Okomu Oil Palm Plc: EPS Down 57.4% Y/Y Over 6M-19

July 27, 2019/Cordros Report

Event: OKOMUOIL recently published H1-19 results, showing significant contractions across key lines – revenue (-33.8% y/y), PBT (-59.2% y/y), and PAT (-57.4% y/y). On Q2 19 numbers, despite higher rubber sales (+58.4% y/y), lower than expected revenue from CPO (-29.6% y/y) underpinned earnings downbeat. The reported PAT missed our estimate by 43.8%.

In line with the pattern over the past 5 quarters, OKOMUOIL reported a significant decline in sales growth (-22.4% y/y) – 33% below our estimate. This was reflective of the combination of lower CPO prices and decline in volume. For context, global CPO price declined by 19.6% y/y, the impact of which cascaded into a lower domestic price. The sharp decline in CPO sales trumped higher rubber sales, with the latter aided by favourable pricing (rubber: +8.2% y/y) environment and stronger volume sold. From a quarter ago, revenue grew by 3.0% driven by higher volume growth which offset lower prices (-5.2% q/q).

Meanwhile, Q2-19 COGS decelerated by 25.3%, setting the stage for an 8 bps expansion in gross margin to 80.4%. To our mind, the deceleration in COGS was on account of lower cultivation activities which OKOMUOIL pushes to the latter quarters of the year. On balance, gross profit declined by 21.6% y/y. On a quarter on quarter basis, the impact of volume induced revenue jump, which rose faster than input cost (+1.8% q/q), drove a 3.2% q/q growth in gross profit.

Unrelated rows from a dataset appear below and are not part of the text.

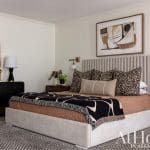 Bedroom with beige upholstered headboard, artwork, and bedding.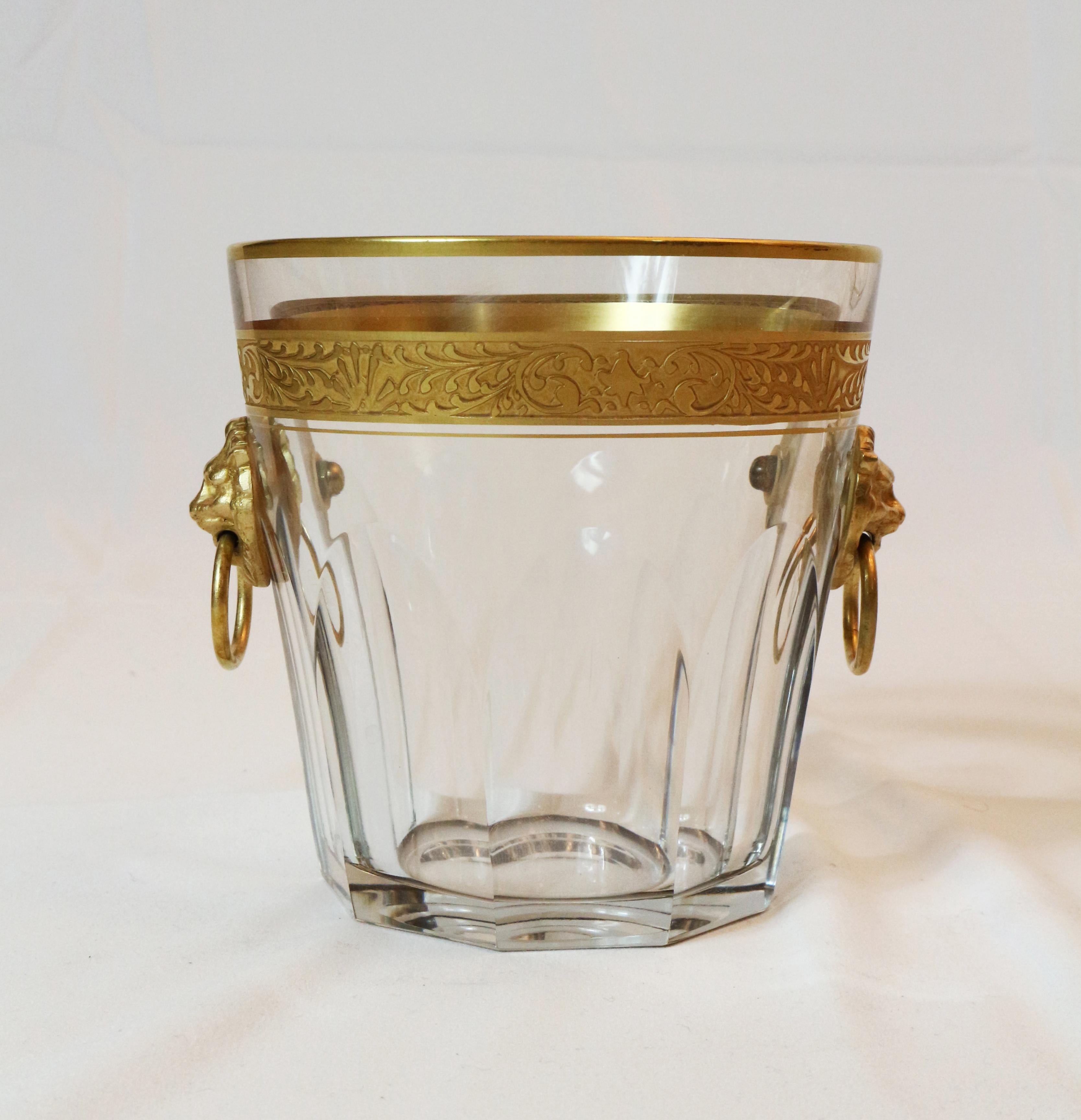 Baccarat elegant cut crystal ice bucket with  24-carat gold and bronze gilded lions, unsigned
Measures: Height 13 cm, diameter 12.5 cm.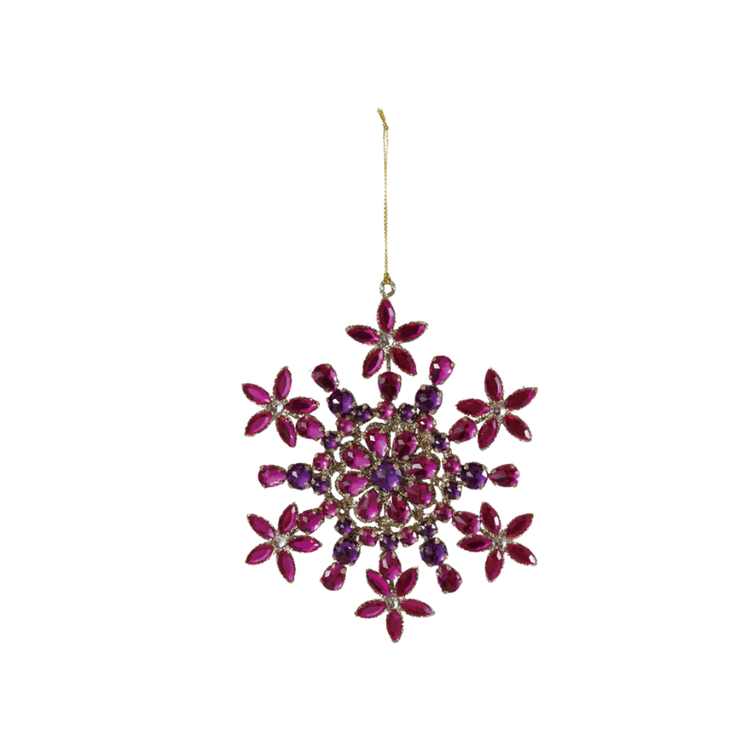 Metal snowflake ornament with pink and purple acrylic jewels and a gold hanging string.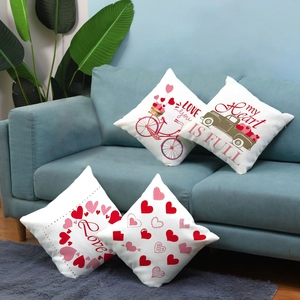 Detail of four Valentine's pillow covers with bicycle and heart prints on a blue sofa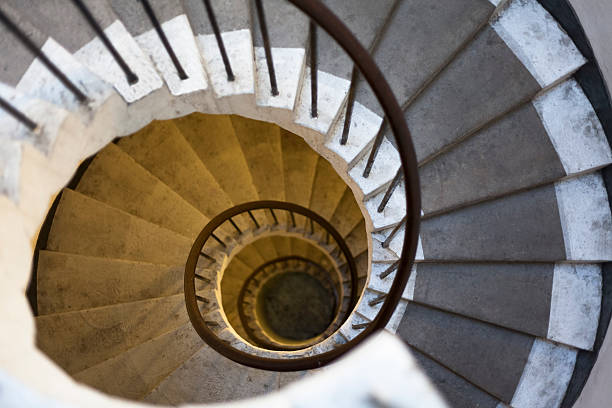 istock Spiral Marble Staircase With Railing in an Apartment Building 455848483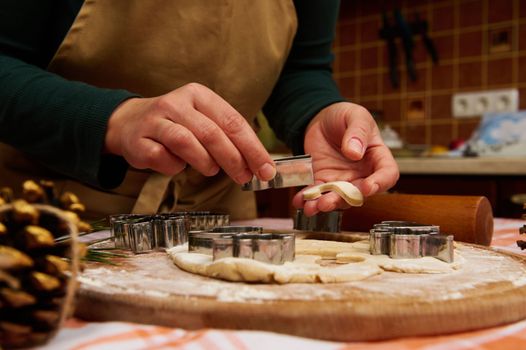 Details: hands of housewife confectioner, baker, pastry chef in green shirt and beige apron, removing cut candy cane shaped mold from cookie cutter while making Christmas gingerbread biscuits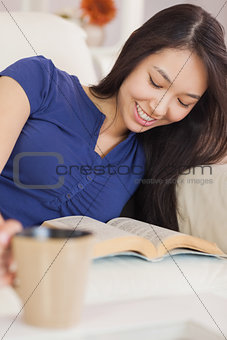 Relaxed asian girl lying on the sofa reading a novel and drinking hot beverage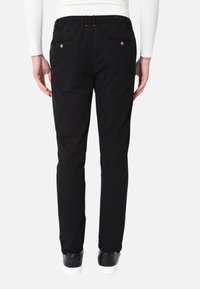 Pantaloni in cotone neri con vestibilità slim, dotati di due tasche posteriori con bottoni tondi e una vita con passanti per cintura e inserti elastici.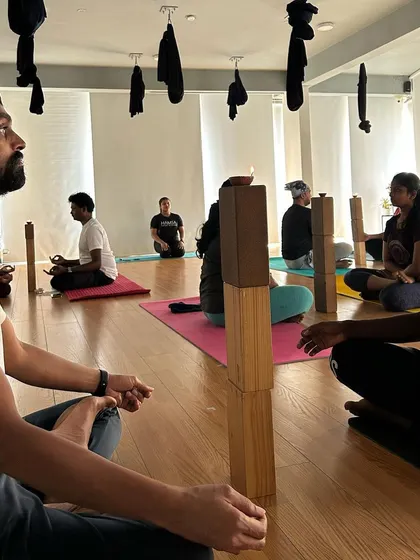 Students using blocks for Trataka (candle gazing), a powerful meditation technique to improve focus.
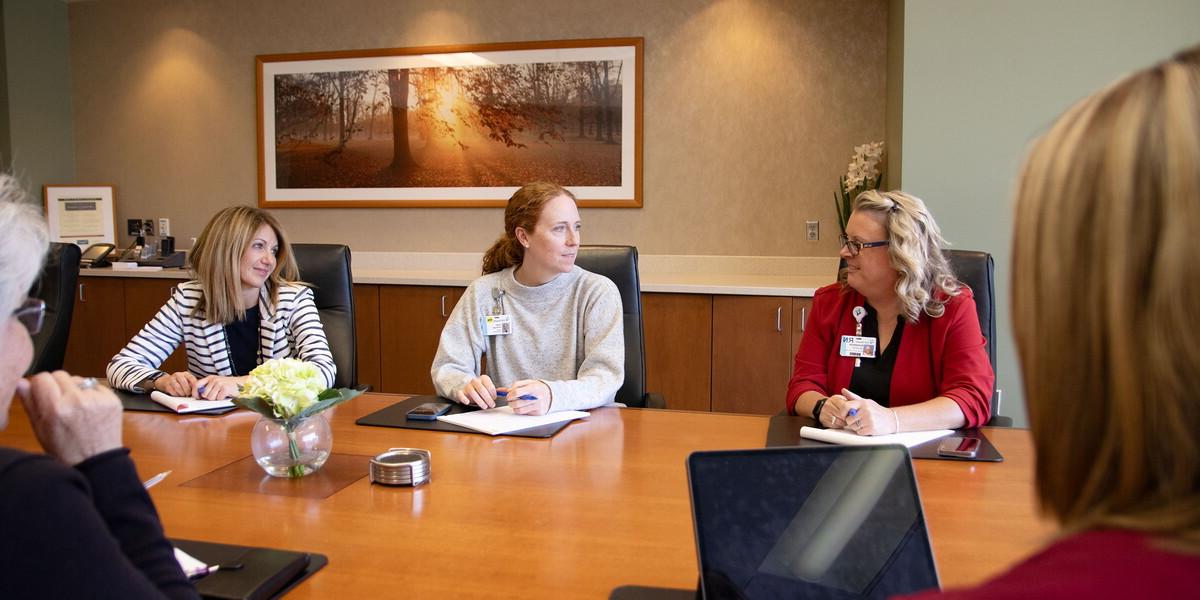 Five women sitting in a conference room having a meeting.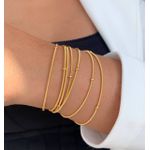 Pulseira corda de violão com bolinhas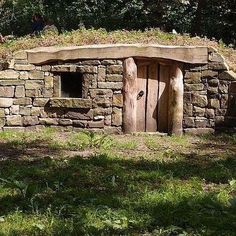 an old stone building with grass growing on the roof and door, in front of some trees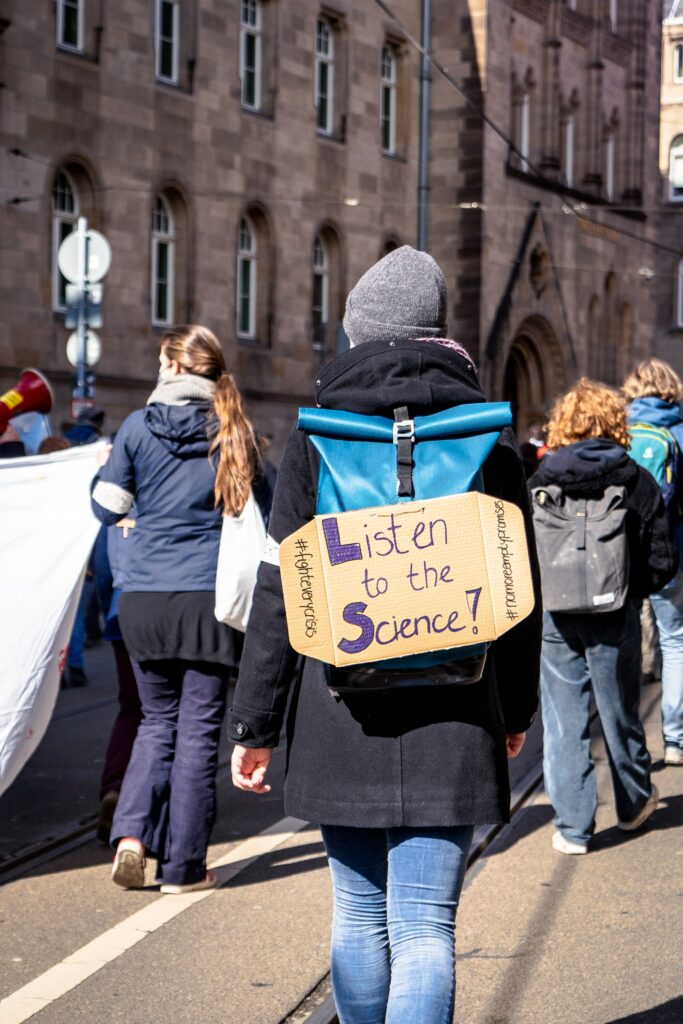 Eine person auf eine Demo trägt ein selbst gemaltes Schild: Listen to the science.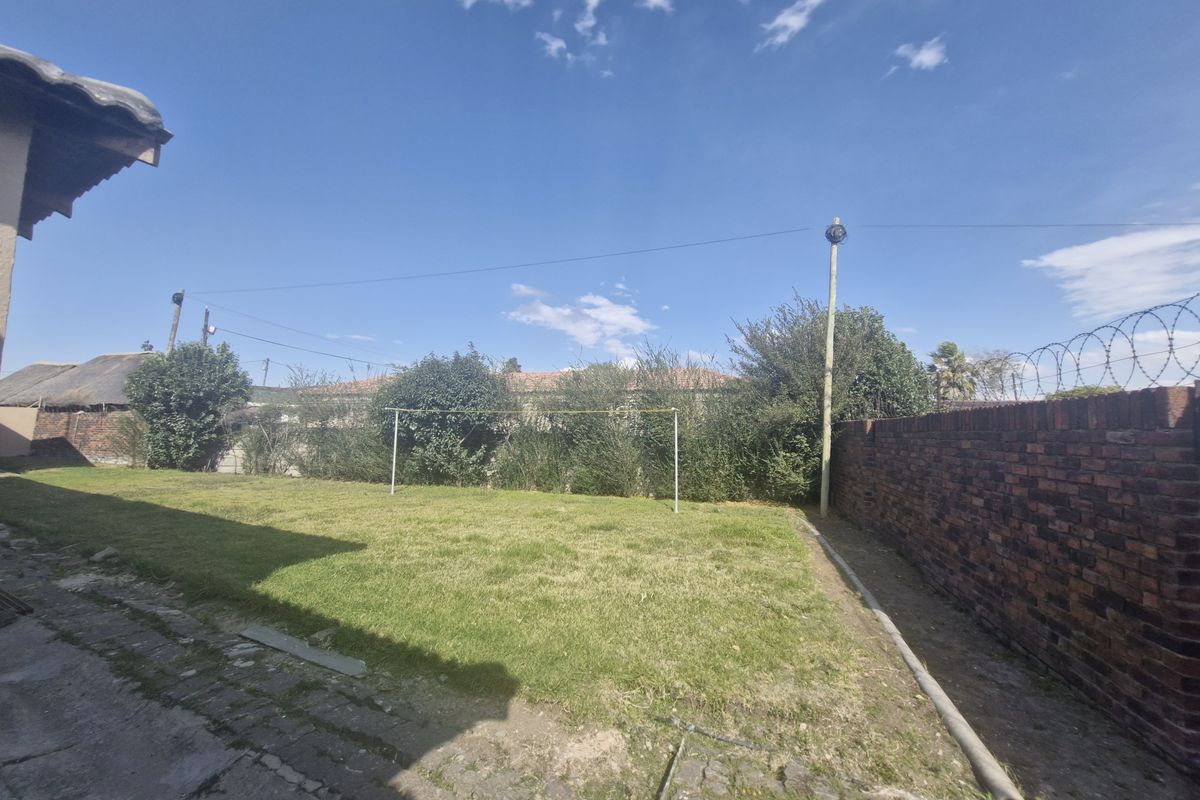 A rear garden area featuring a lawn, concrete paving, and a brick boundary wall topped with security razor wire.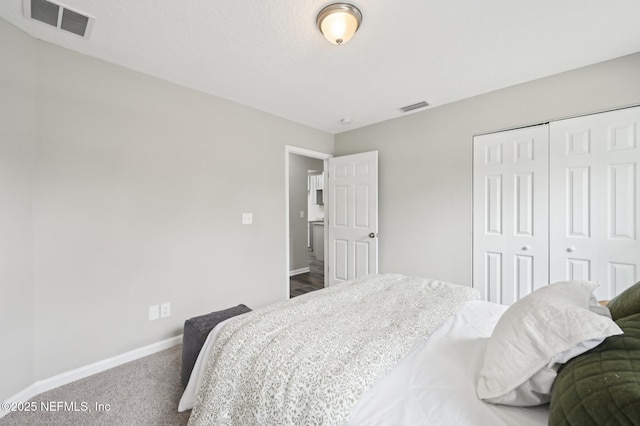 carpeted bedroom with a closet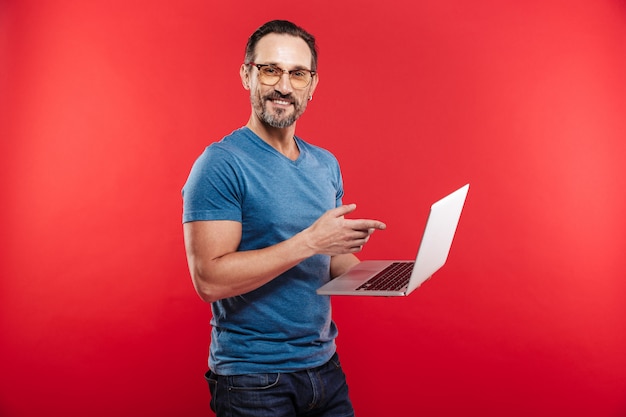 Hombre positivo emocional feliz usando la computadora portátil.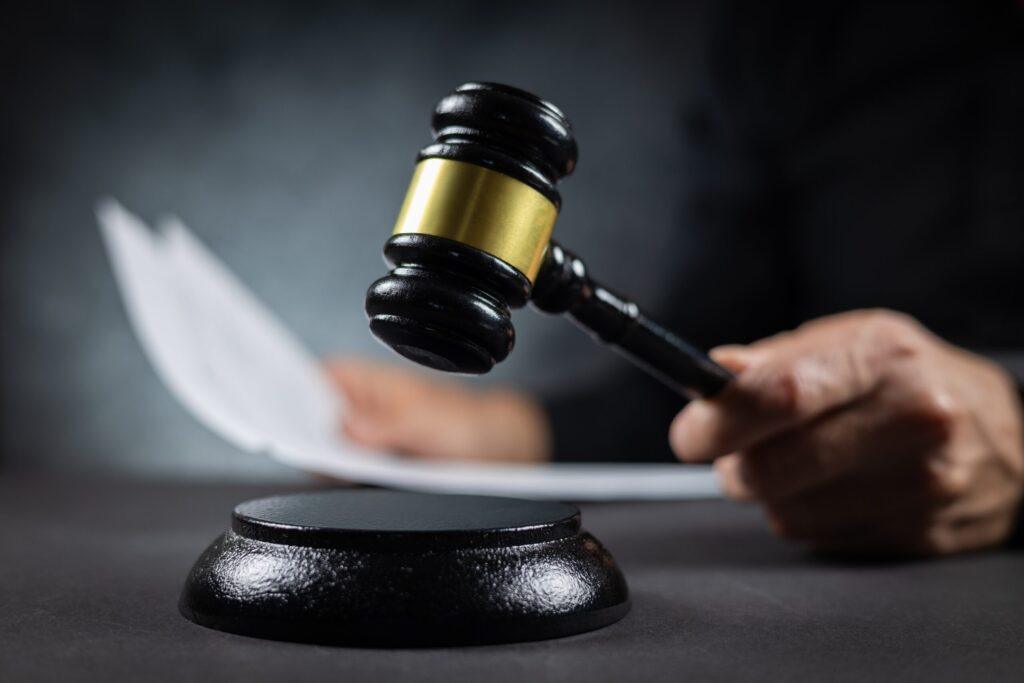 Judge With Paper Document Pronouncing Sentence In A Court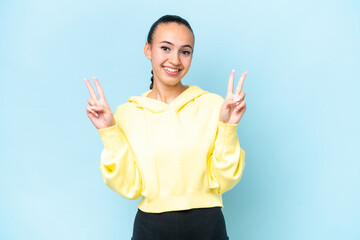 Wall Mural - Young Arab woman isolated on blue background showing victory sign with both hands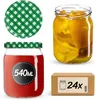 A collection of glass jars with lids, a box of jars, and a loose lid, presented on a white background. Podgląd zdjęcia produktu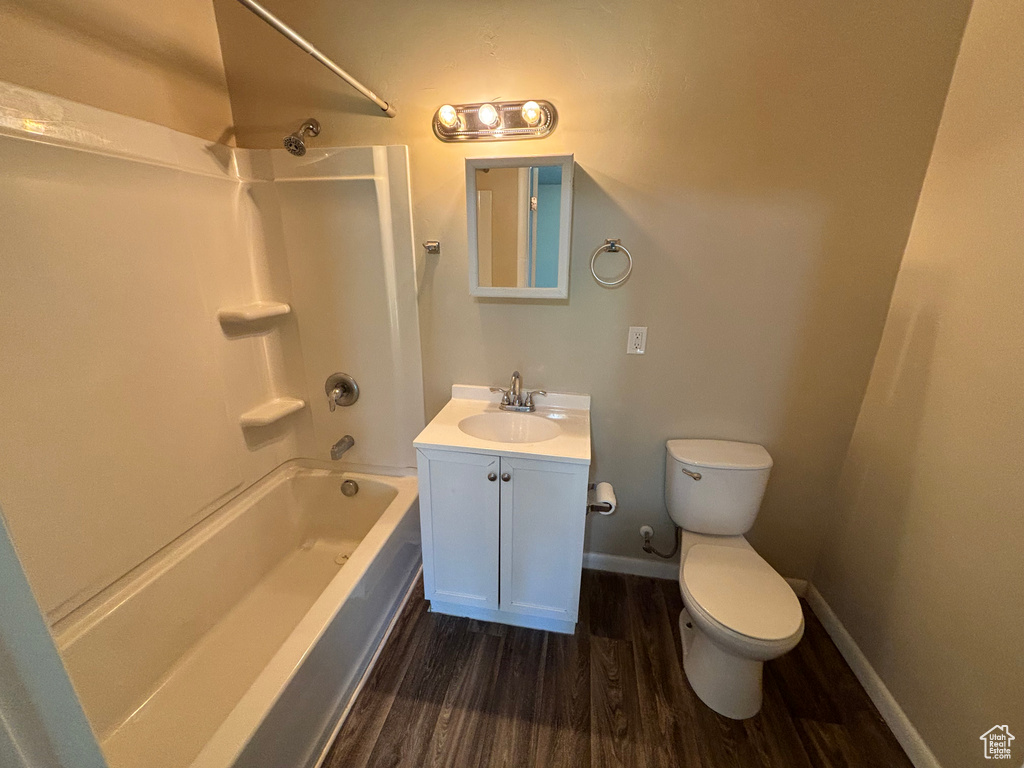 Bathroom featuring washtub / shower combination, wood finished floors, and vanity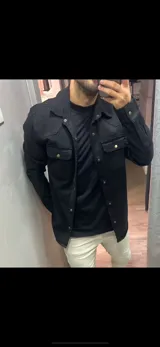 Sobrecamisa de gabardina negra con cierre frontal de botones metálicos a presión, bolsillos frontales con solapa y mangas largas.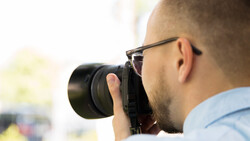 Photographer wearing glasses holding a DSLR camera to his face while shooting outdoors.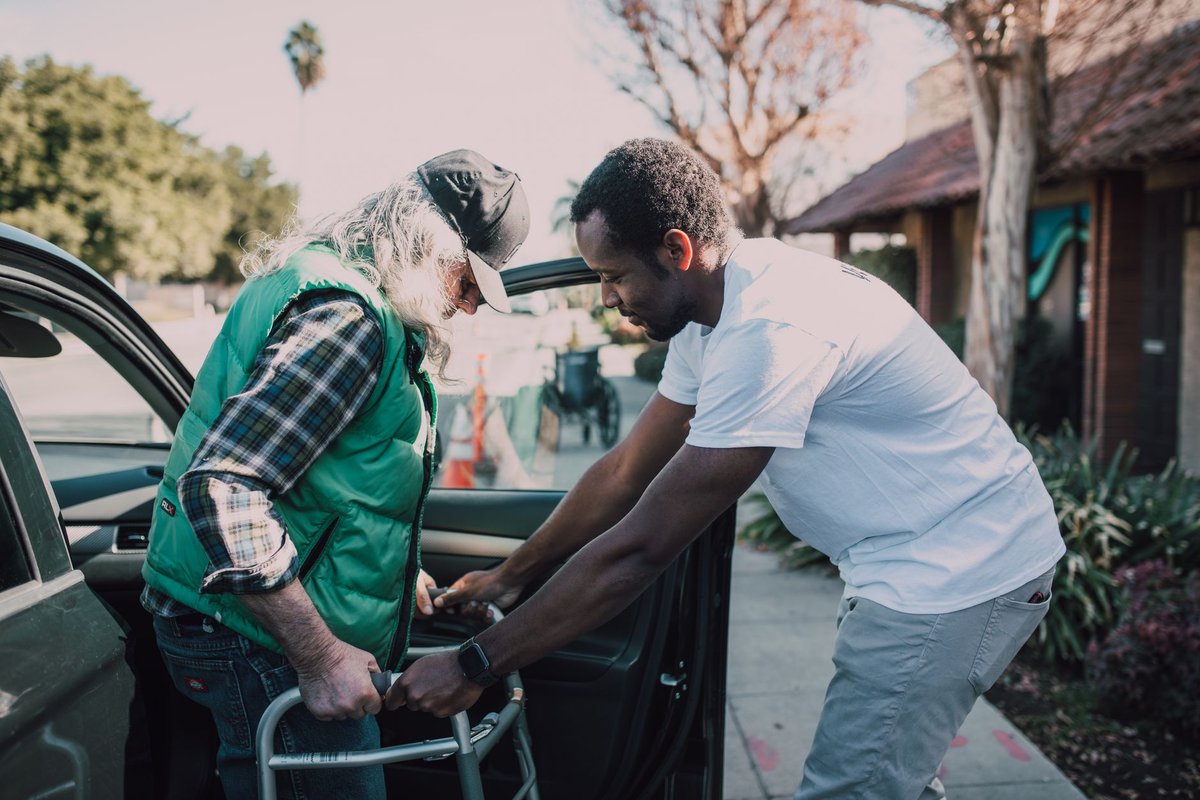 Helper steadying an older man with a walker as he steps out of a car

Elsewhere, amid a decline in sales growth, OPEX expanded 26.7% y/y, resulting in a 17.0 pps increase in OPEX-to-sales ratio. Thus, EBIT declined by 46.3% y/y, with related margin shedding 16.2 pps to 36.5%. Quarter-on-quarter operating profit expanded by 19.4%, following a 7.2% q/q decline in OPEX.

Further down, net finance charges moderated by 244.7% y/y, driven by lower finance income (-98% y/y) which declined faster than finance expense (-80% y/y). The moderation in finance income mirrored the (1) 58% decline in cash balance, (2) softer yield environment, and (3) lower foreign exchange gains, as the naira was stable in the period. Meanwhile, OKOMUOILs total long-term loan position rose by +53% y/y reflecting an additional NGN10 billion agricultural credit loan (CBN’s Differentiated Credit Reserve Ratio of 8% charges) approved by the CBN. As at H1 19, the company has drawn down NGN1.72 billion. However, as with the NGN1.95 billion received from the BOI last year, negotiation on moratorium is still ongoing before interest charges begin, hence, the decline in interest expense.

Comment: OKOMUOIL’s performance was weak in our view, given the depressed domestic CPO prices and volume growth. On our estimates, OKOMUOIL trades at a P/E of 10.07x — a significant discount to its Middle East and Africa peers’ 13.18x. Our last communicated TP was NGN92.57, which implies a potential upside of 78.0%. Our estimates are under review.